Post 291: Why should you respond to student email right away?
Imagine a panicked student who cannot find his reading. The frantic student sends his instructor an email in panic asking the instructor, "Where is the reading? I don't want to get a zero and I can 't find the reading!" Then as days go by, the student constantly checks his email several times a day waiting for the teacher to respond.
Each time he checks his inbox and gets no response, he is disappointed. Then, he checks again and again. It becomes addictive to keep checking the inbox hoping that magic email will pop up. Hours pass. Days pass.The student feels disappointed. The student feels abandoned by his teacher. He ultimately get a bad impression of the school because the teacher never bothers to respond to his email.
As time passes beyond the 36 to 48 hour mark, the student starts to feel angry at the teacher or at the school because nobody responds back to his email. The student thinks that because he pays the school so much money he should be treated as a customer.
The student then complains to his advisor, then he complains to the
teacher's boss, then he writes on social media that the school is a bust
and that's when the school starts getting a bad reputation of absent
teachers!
If I were this student not receiving her email, I would just drop out of that class and out of that school because not answering email is entirely bad taste and rude on the part of the teacher. It means the teacher does not care about the student. Students end up leaving the class and the school.

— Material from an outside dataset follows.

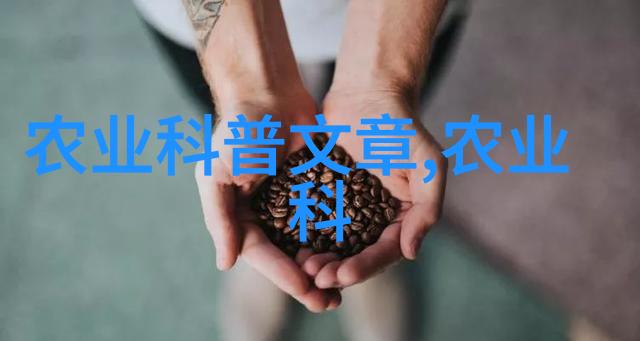 广西可以种植什么名贵中草药你知道吗在广西这儿还能种出这些超值的中药材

It is important for teachers to immediately answer student email, to constantly comfort student nerves and anxiously, show that faculty care by giving the student comforting words, send him a solution or if the teacher does not know the solution to the response, then refer the student to somebody else who knows the answer to the question.
Nothing is worse than that constant anxiety of checking that inbox and nobody is there to answer his email Always answer student email right away to prevent student anxiety. Teachers need to inform students if they will not be able to respond to email. Teachers can put a neutral announcement in the classroom stating he will be away from the classroom due to family problems, and then the teacher should have somebody else spell him so students have somebody else they can get answers from.
If I know I cannot be in my online classroom for a while, I tell students that I won't be able to immediately answer email because of an emergency. Students are usually very understanding if they know there is a reason for your delay in their email answer. Also, I tell students that I may take longer to get back to them on weekends and I add that to my syllabus as a courtesy. I never leave my students in the dark because as a teacher, that is rude.
Therefore when I teach online, I always answer student email right away. As a matter of fact, I check my student inbox all the time several times a day and answer panicked students all the time. It gives me joy and pleasure to help students out and I really love to see my students succeed and would never want to leave my students in the dark about anything. It is my job as their teacher to be there for them.